Lua tables have functionality to pretend to be lists (they are even optimized for it with the whole array vs hash part thing), but because nil is special to their associative array behaviour, this emulation breaks down in the presence of nils: if you have t = { 1, 2, 3 } and write t[2] = nil, then t[2] is now absent - there is a gap in the table! Arrays don’t allow that!

(Lua could have instead done what Python does and have a dedicated del(ete) statement and make it an error to access nonexistent keys - that way None (the nil equivalent) isn’t special and this problem wouldn’t happen - but Lua didn’t.)

ArrayList is designed such that this can be the case - the effects of the ArrayList operations are simple: add increments the length by 1, remove decrements it by 1, get and set never affect it.

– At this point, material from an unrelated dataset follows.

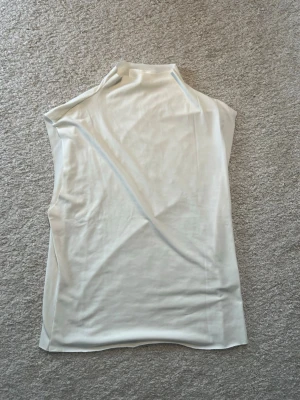 Halterneck Topp - Säljer denna då den är för stor. Kom privat för fler frågor💕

This isn’t the case in Lua! Look what happens when we try to work out what happens to the length when I write t[100000] = nil:

  • Okay, so if the length of the table was 1000000, it should now be 999999, right?
  • But what if t[999999] is nil? Now we have to check t[999998]. What if it’s nil? - oh no, we’re back to a linear time algorithm!

(This assumes length is defined as the first option in my previous post. With the second definition, the same problem happens if you make t[1] non-nil and t[2], t[3]… already exist.)

The Real Solution to this problem would be to add to Lua a distinct data type for lists/arrays (like every other programming language has), but that’s quite a big change.

Presumably I can’t have been all that sorry for the wall of text, because I’ve done it again.